As mulheres rurais, segundo Carrizo, também são as que historicamente exercem o papel de “guardiãs das sementes”, e por isso vivem como “violência” as tentativas de “privatização das sementes”. Também sentem como violência as fumigações com pesticidas, porque afetam “a saúde de nossos filhos e a nossa, porque causam abortos espontâneos, malformações e acúmulo desses venenos no leite materno”, destacou a representante argentina.
Além disso, a brasileira Santos destacou que os problemas de gênero que são comuns para as mulheres urbanas, se agravam para as que vivem no campo. Deu como exemplo o caso da violência doméstica, que piora porque as delegacias especializadas da mulher estão nas cidades.
Segundo Molina, na Colômbia “não há nada que garanta às mulheres se afastar do território onde são agredidas”, o que evita as denúncias. “Os vizinhos dizem não se meter, que assuntos de casal são acertados debaixo das cobertas. Mas, quando se chega a extremos, a comunidade vai ao enterro e celebra missas para que salvem a alma do pobre marido. É muito triste, mas é real”, lamentou.
A questão é como abordar esses temas, às vezes aceitos como naturais. “No campo há muito machismo e muitas mulheres o trazem incorporado desde que nascem”, ressaltou a cubana Román. “Há companheiras ou companheiros que acreditam que queremos que se separem das famílias, ou o divórcio”, acrescentou.
Por isso deveria ser considerada a “diferença de cosmovisão de cada povo”, pontuou Carrizo. “A mulher camponesa na Colômbia, por exemplo, não se sente identificada como feminista. O que chama a atenção (na mulher urbana) é uma questão de classe, elas têm certas comodidades e atividades diferentes das suas”, afirmou Molina.

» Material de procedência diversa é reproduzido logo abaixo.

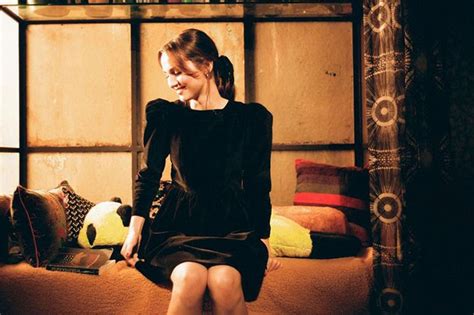 Maude Apatow’s Lexi Is The Fashion It-Girl In The Shadows | Grazia India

“Às vezes arrastamos essa concepção do feminismo como aprendemos, de que para enfrentar o machismo é preciso também ter uma atitude opressora. Mas aqui não se trata de pregar isso, mas de um feminismo com uma atitude de solidariedade entre companheiras e companheiros”, destacou Carrizo.
A iniquidade em números
Segundo a Organização das Nações Unidas para a Alimentação e a Agricultura (FAO), 58 milhões de mulheres vivem em zonas rurais da América Latina e representam uma peça fundamental da segurança alimentar regional, da preservação da biodiversidade e da produção de alimentos saudáveis.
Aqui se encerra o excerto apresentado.